「わかった」の多義性
中国語を学ぶと、日本語の「わかった」の意味の多さに気づく。中国語は「わかった」を細かく分けるからだ。(以下のポスト参照)
言語間で優劣を付けるのは野暮な話ではあるけれど、言語が社会や関係を作るという側面は確実にある。いささか乱暴かもしれないが、日本社会の病理は、日本語に端を発している、というのが私の見立てだ。
様々にレベルや位相や内容の違う「わかった」を、ひとつの「わかった」に押し込んでしまっていることが、実は「誤解」の元であるにも関わらず、双方が言語的に「わかった」を一つしか持っていないせいで、それが自覚されたり、顕在化したりすることがないのではないか。

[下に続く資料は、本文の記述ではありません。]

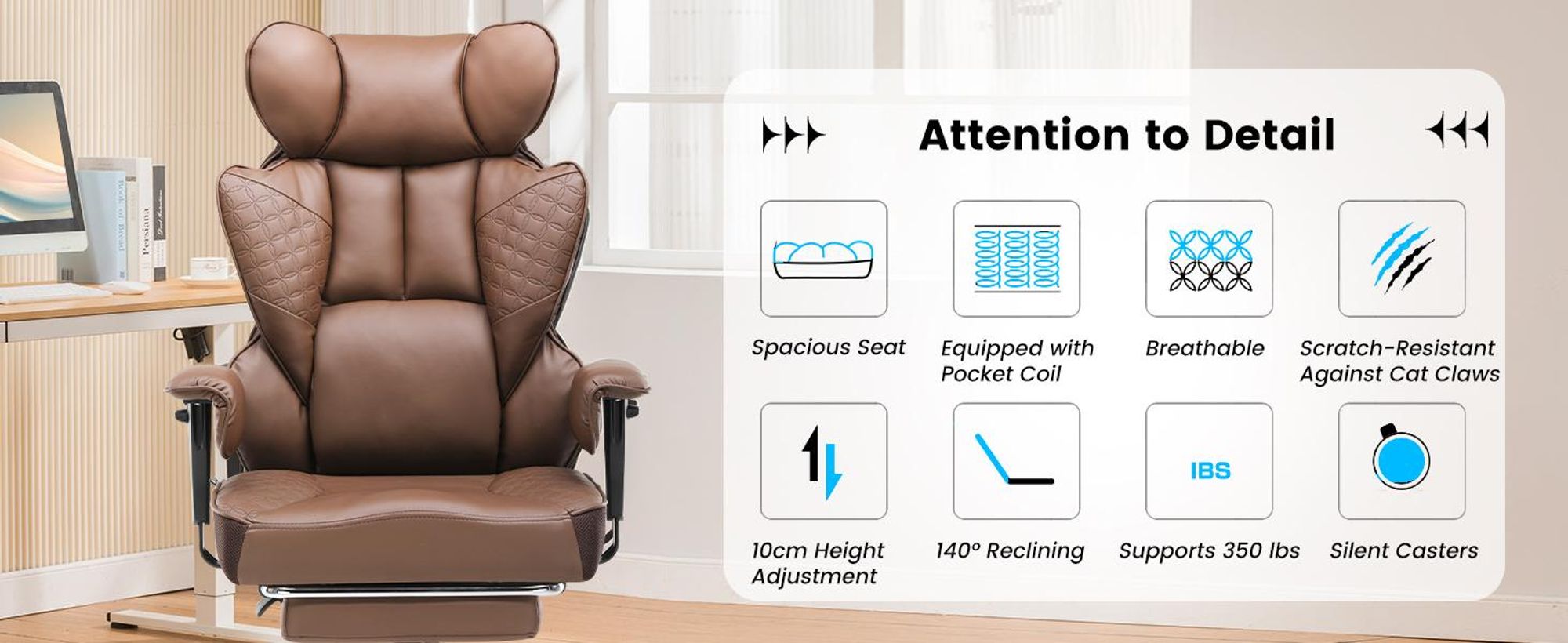 COMHOMA Chaise de jeu, chaise de bureau ergonomique, chaise de bureau avec accoudoirs réglables, soutien lombaire à ressorts ensachés 150 kg, marron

そして、その「わかった」の多義性が引き起こす「誤解」こそが、蟠りやモヤモヤや不信、ひいては社会全体に漂う重苦しい空気の大きな原因になっているのではないか。
「外国語なんてツールだからね」
「AIがあれば外国語なんて学ばなくていいのでは」
違う。断じて違う。
外国語を学ばないと見えてこない「母語の姿」があるのだ。そして外から母語を見ることはとりもなおさず、社会や常識や関係といった、その自明さのせいで極めて対象化が難しい事象を、「外から見る」ということに他ならない。
言語を甘く見ないほうがいい。
他でもない言語が、我々の目に映る景色や、我々の脳に湧き起こる感覚や感情や、我々の身の回りに起こる事象を文節する以上、我々は言語によって規定されていると言っても過言ではない。
我々とは全く別のやり方で、景色や感覚や感情や事象を分け、やり取りしている人たちがいると言う現実を、「知道(zhīdao 情報として分かる)」ではなく、「体会(tǐhùi 身に染みてよく分かる)」するには、やはり外国語を学ぶしかない。
「わかった」だろうか。
その場合の「わかった」は、どんな「わかった」だろうか。